What may turn out to be the summer's most important news story (and just possibly the millennium's) didn't make the pages of the Times. A study in Nature has concluded that as oceans warmed, phytoplankton--the tiny organisms that form the crucial first level of the entire marine food chain--were disappearing. In fact, since you need a subscription to read the whole study, let me reprint the key portion of the abstract here:
In the oceans, ubiquitous microscopic phototrophs (phytoplankton) account for approximately half the production of organic matter on Earth.... We observe declines in eight out of ten ocean regions, and estimate a global rate of decline of ~1% of the global median per year.
Since 1950, the study found, the oceans have lost 40 percent of their phytoplankton. As these organisms account for the production of half the earth's organic matter, this is not good. It's like finding out that there's half as much money in all the earth's banks as we thought there was. But of course it's worse than that. No one knows for sure what happens when the oceans are diminished like this--that's the point. We're in a new and dangerous place, without a clue.
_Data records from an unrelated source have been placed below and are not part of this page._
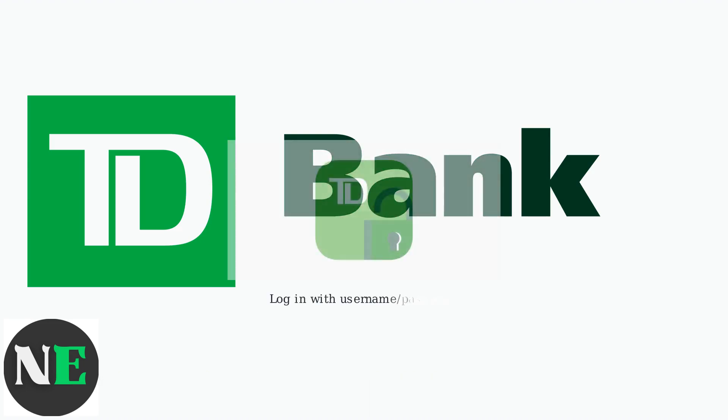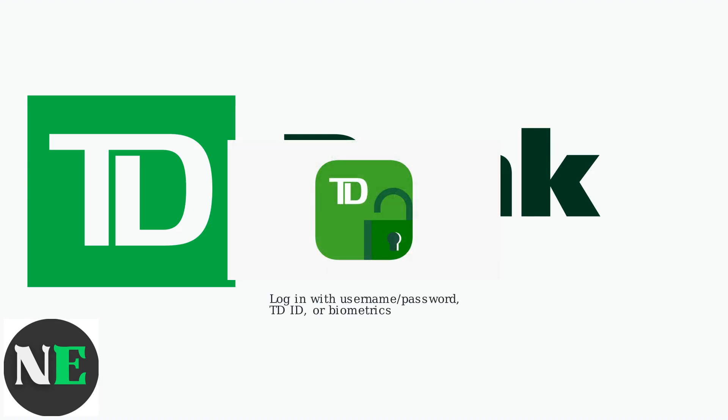Log in using your username and password, TD ID, or biometrics like fingerprint or face ID.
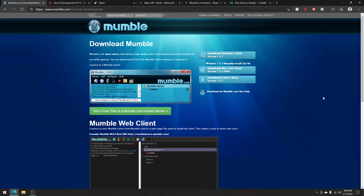All right guys, quick tutorial. Mumble Proximity Chat 1.16.5 or later, just download the latest versions. Let's get into it. You'll need six links, they're all in the description, and let's get started.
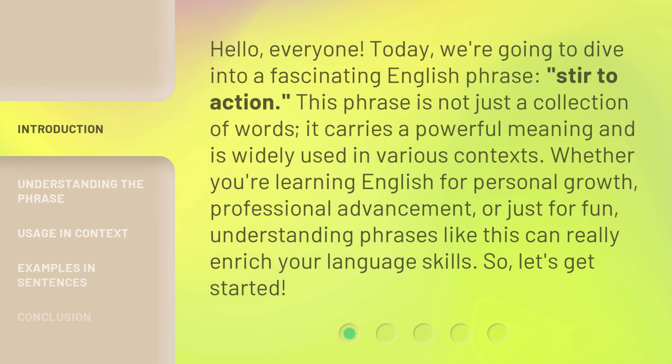Hello, everyone. Today, we're going to dive into a fascinating English phrase, stir to action.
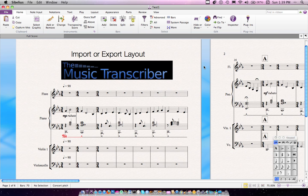Hi, welcome to another edition of Transcribing with the Music Transcriber. Today we'll be looking at a plugin called Import or Export Layout, which is for Sibelius 5 through 7. It allows you to export the layout from one score and import it into another score. It's incredibly helpful for people working in teams or working remotely with a publisher.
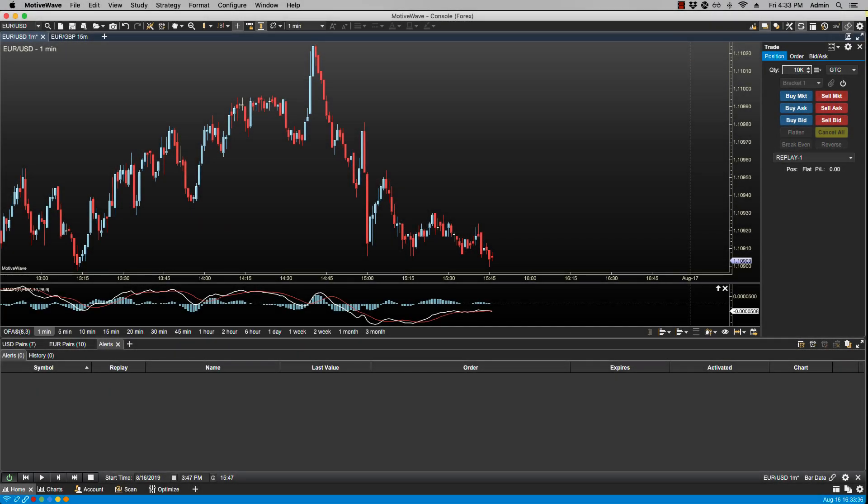In this video we'll be going over study alerts. Alerts can be based on values that are generated as part of a study. These type of alerts execute in the context of a chart and require the chart to be open in order to be active, unlike price alerts where you do not have to have the chart open in order for them to be active.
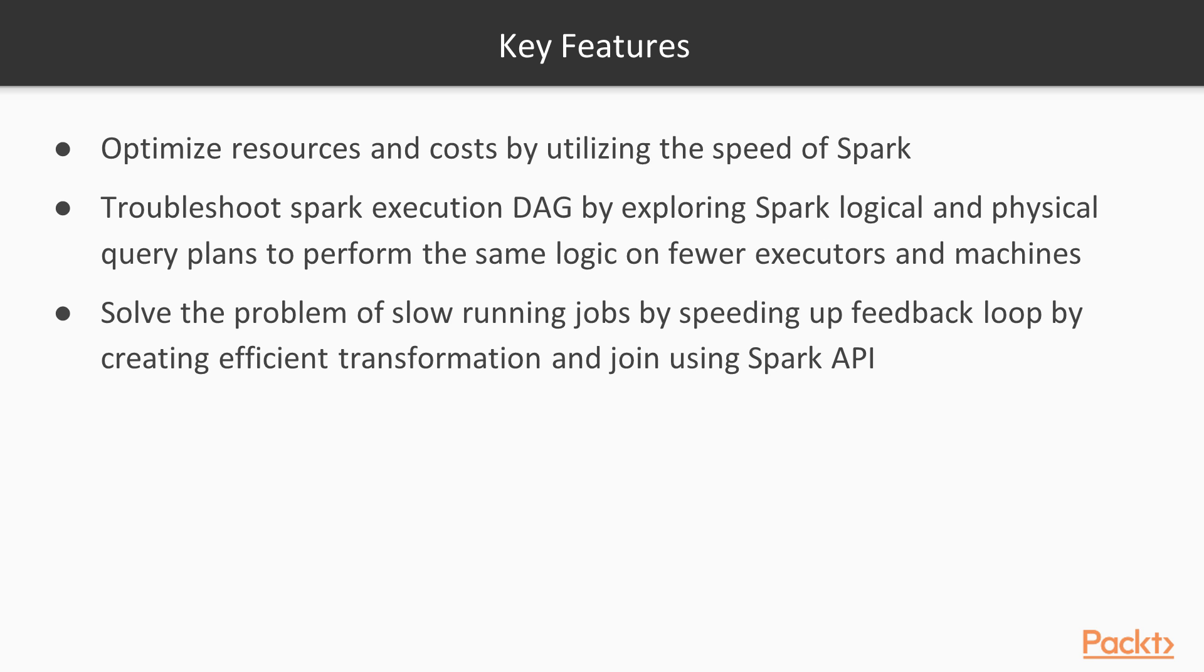Also troubleshooting Spark execution DAG engine by exploring Spark logical and physical query plans to perform the same logic on fewer executors and machines. Last key feature is to solve the problem of slow running jobs by speeding up feedback loop by creating efficient transformation and join using Spark API.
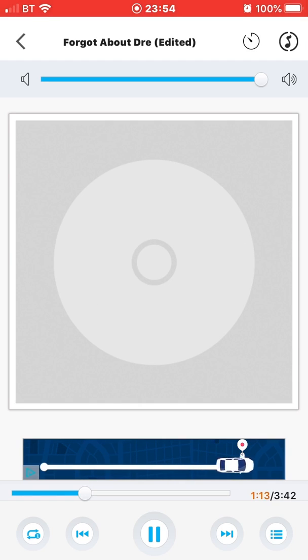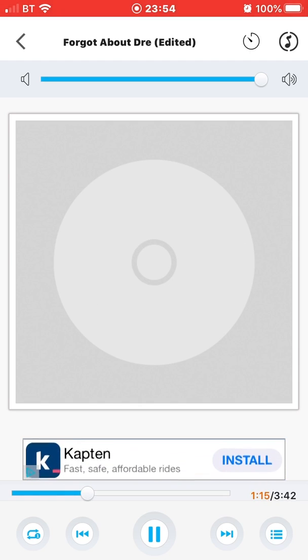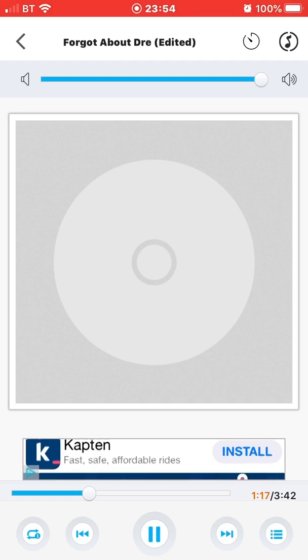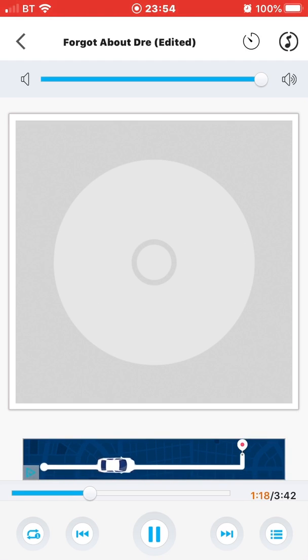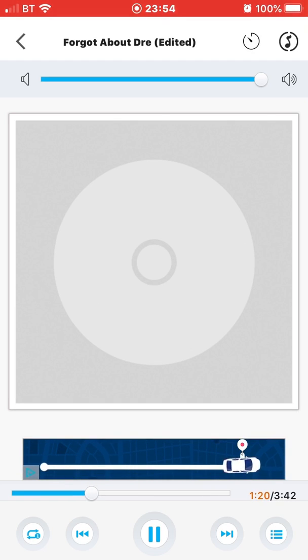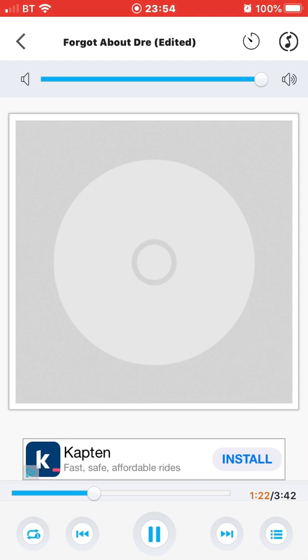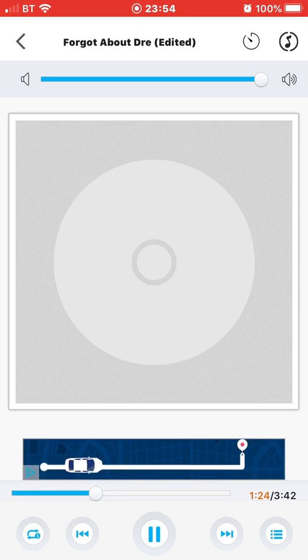Nowadays everybody wanna talk like they got something to say but nothing comes out when they move their lips, just a bunch of gibberish and motherf****** act like they forgot about Dre. Nowadays everybody wanna talk like they got something to say but nothing comes out when they move their lips, just a bunch of gibberish and motherf****** act like they forgot about Dre.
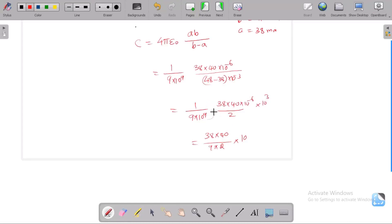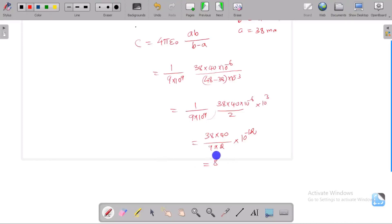Working through the calculation, we get 38 into 40 divided by 84.4, giving 84.4 into 10⁻¹² farads.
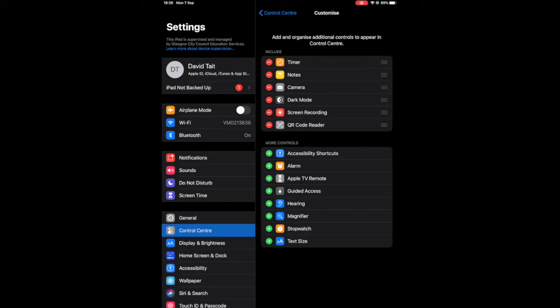As you can see there's a variety of apps you can add such as an alarm, but we want screen recording and QR code reader.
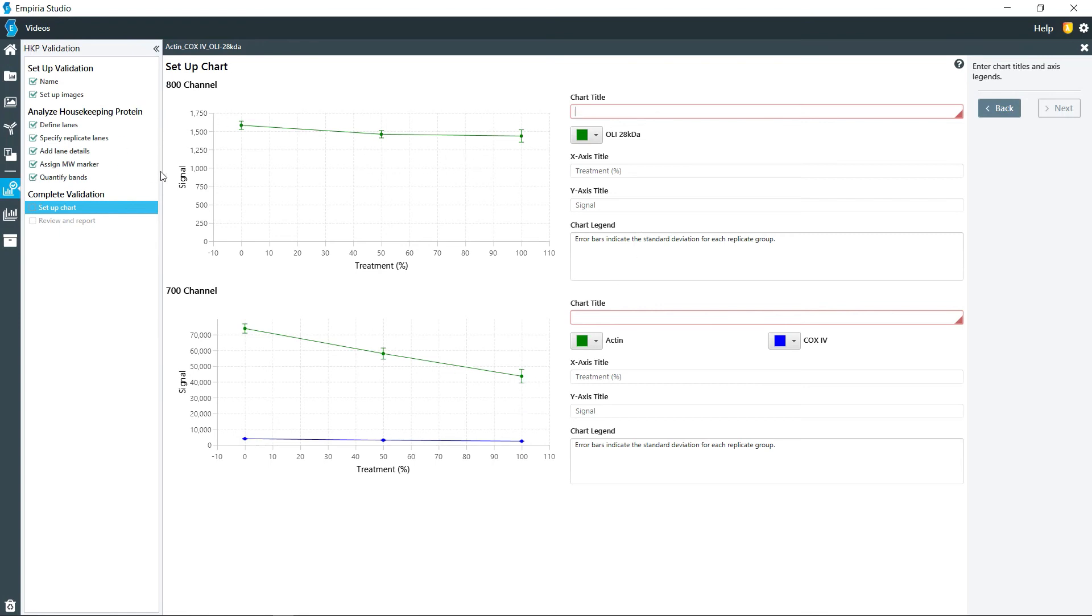So you have all of that right there. You have the chart title. I'm going to say OLI and then also actin COX-4.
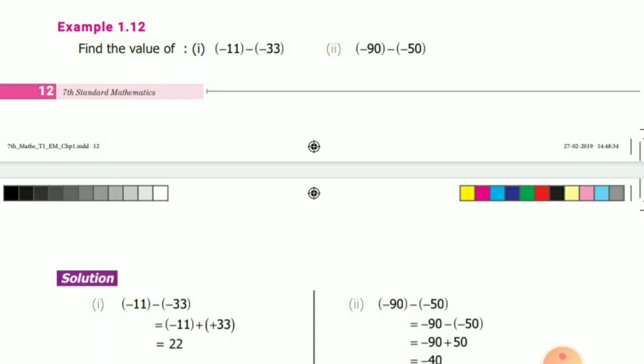Example 1.12: Find the value of minus 11 minus (minus 33). Minus of minus means take the additive inverse. The first number, minus 11, has no change. The additive inverse of minus 33 is plus 33. So 33 minus 11 equals 22, and the greater number symbol is plus, so the answer is plus 22.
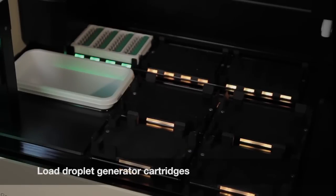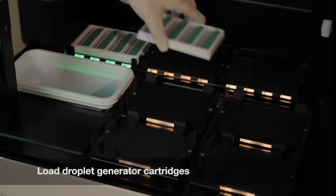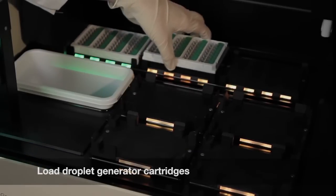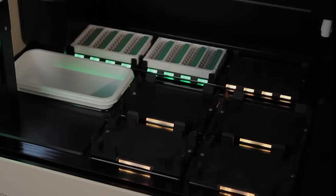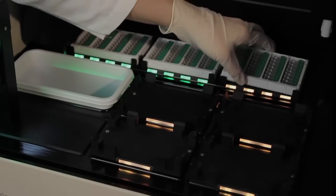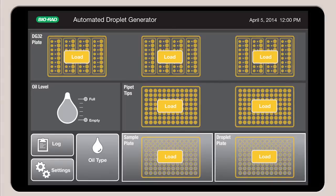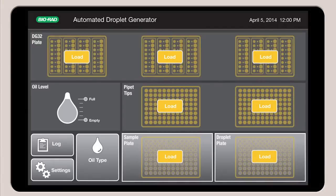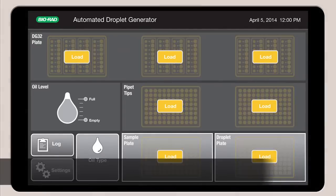As DG32 cartridges are loaded, the lights on the deck turn green to indicate correct placement. The corresponding icons on the screen will also turn green.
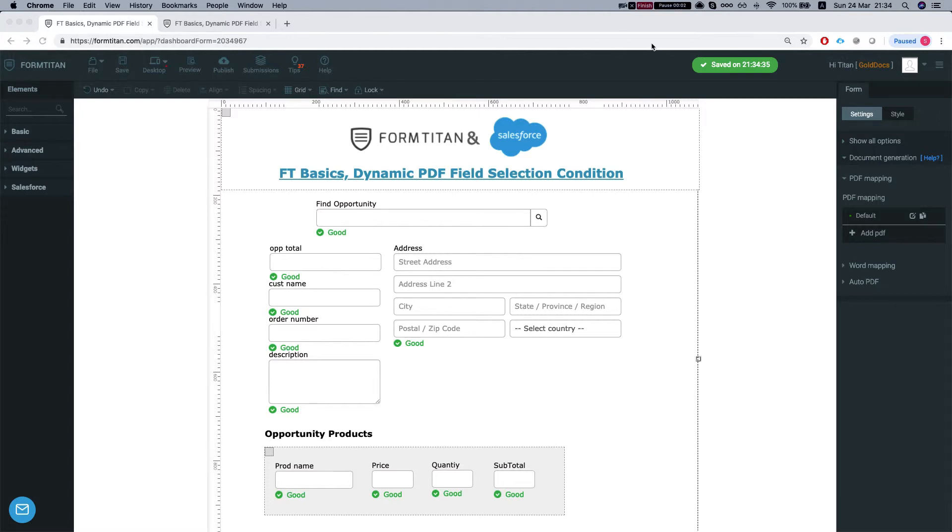Hey the Titans! Welcome to FormTitan Basics. In this video we will show you how to create a condition on a field selection when you're using the dynamic PDF.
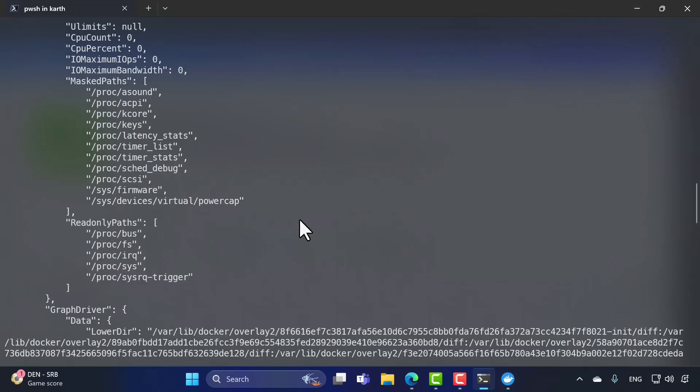These are the ways to use Docker CLI to get the same information we previously accessed through Docker Desktop. In the next lecture, we'll talk about Docker architecture in more detail, and after that we'll cover the most important concepts like Docker networking, Docker volumes, Docker Compose, Docker build, and more.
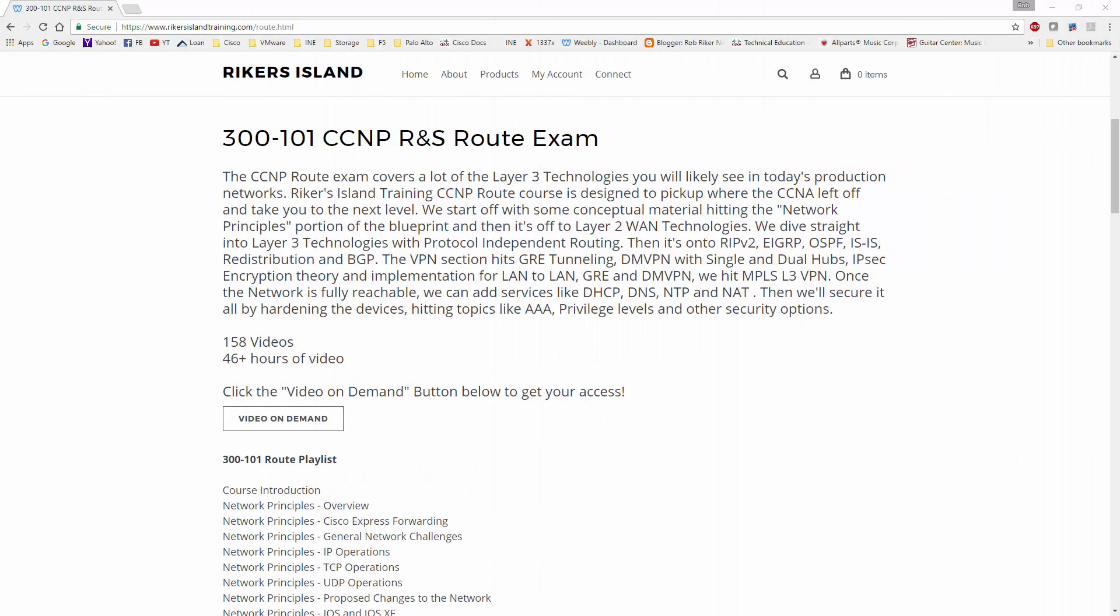What's going on everybody, I wanted to give everybody a huge, excitingly cool update. I am finally done recording the CCNP R&S Route exam course. For those of you that are studying the 300-101 technologies, fear no more. The video series has been released, it is uploaded and available for your viewing pleasure. As of this video, it was actually uploaded about an hour ago, but we are in good shape.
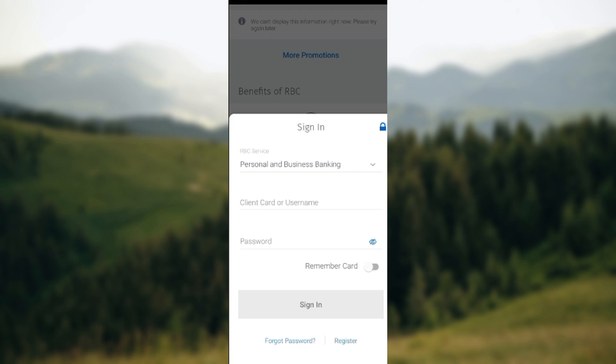When you select Deposit Check, you will be directed to that page. On this page, follow the on-screen instructions. Once the on-screen instructions have been followed, you will be able to take a picture of the check, and from there the check will be deposited. It is that simple.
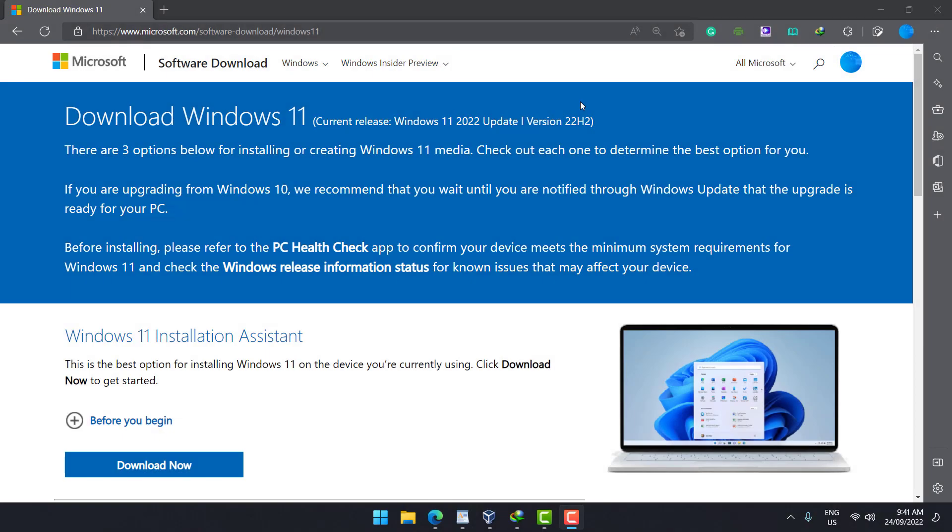Windows 11 is the latest software for Microsoft. As you can see we have here the Windows 11 2022 update, the version 22H2. That's the one that we're going to install.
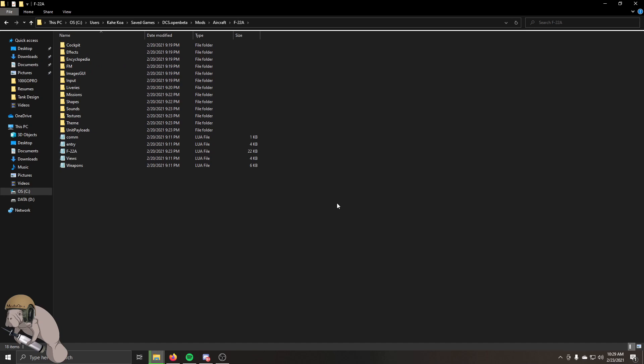Now you're good to go ahead and close this out, and then open up your program of choice, whether you're running stable or open beta, and it should be in there in your mission editor under US files. Pretty cool mod. Enjoy it, make sure you save that thing, and follow us for any more videos. I'll be going over how to install liveries and such, so catch you next time.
In any event, this development came a week or so after the Senate once again decided to do about climate change what it has done for each of the last 20 years: nothing. I doubt very much whether the Nature study would have made much difference, because hardly anyone in the Senate was really thinking about a warming climate. Instead, they were debating an "energy bill," carefully framed in terms of "energy independence" or "energy security" or "green jobs."